I had a neighbour who would always answer me when I asked him how things were going for him by saying “I’m living the dream!” It’s not as common as we would like to live out our dreams. I have dreams too, but not all have become a reality. Some have, but not all.
For some people, their fantasy’s or dreams clog reality. Some people I’ve trained to drive at Young Drivers of Canada believe they can do certain things behind the wheel because they’re good at certain video games. Seriously? Playing with a video game control unit isn’t the same as “playing” in traffic. You only have one life and you can’t always hit the “reset” button and try again.

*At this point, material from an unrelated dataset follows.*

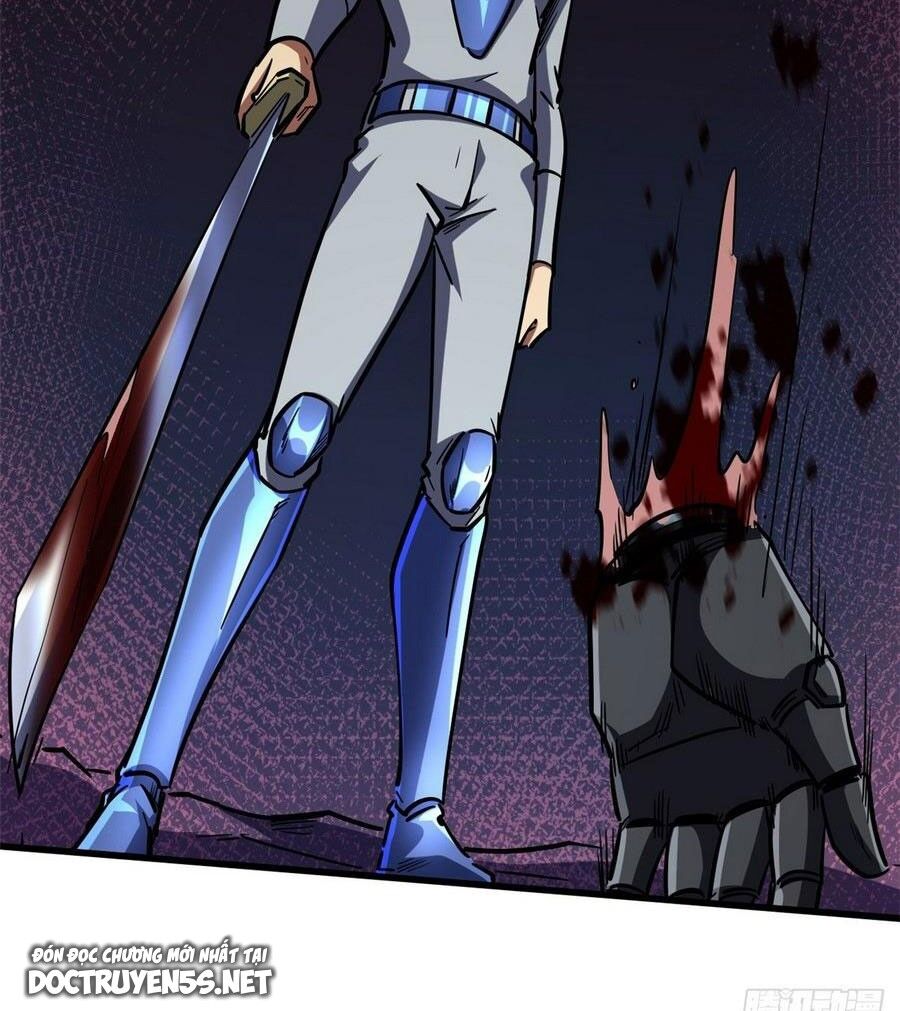 Siêu Cấp Thần Cơ Nhân Chap 148 - Next Chap 149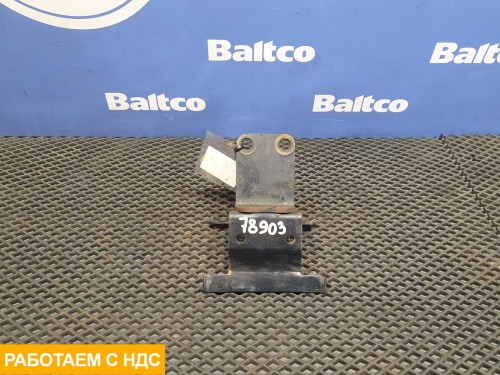 Кронштейн ресивера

To some people who enjoy watching chase scenes in movies and TV shows. They feel they can do the same things on public roads. They’ll often remove the fear of crashing and replace it with the rush of adrenaline of going beyond their means. Recently, a tragic death of actor Paul Walker, of The Fast and the Furious movie series was scattered across the news. He was a passenger in his friend’s Porsche as they struck a tree and light post and burst into flames. The police stated that speed was a factor in the crash. I know Paul had no control over the driver’s actions, but was the driver’s thoughts clogged between reality and fantasy? We may never know. http://www.nytimes.com/aponline/2013/11/30/arts/ap-us-obit-paul-walker.html?smid=tw-share&_r=0
We often see what kind of influence TV, movies and video games have on people. One of the participants from the early seasons of Canada’s Worst Driver had a clogged sense of reality between online video racing and real life. Since I was a judge during that season I tried to convince him it wasn’t real and that driving on public roads was real. Over time, he’s learned there is a difference and has changed his ways. There are places to try these dreams or fantasies. Going to a race track and learning how to use the equipment is always the best idea. But keep it on the race track when you leave.
It’s always a tragedy when someone dies through negligence. We hear how governments have stepped up their laws and enforced stiffer penalties for street racing and driving well above the posted speed limit. That’s been a good thing, but many people feel it doesn’t apply to them. Perhaps Paul Walker’s death will send a message that driving like that can take away a precious life, well before it’s time.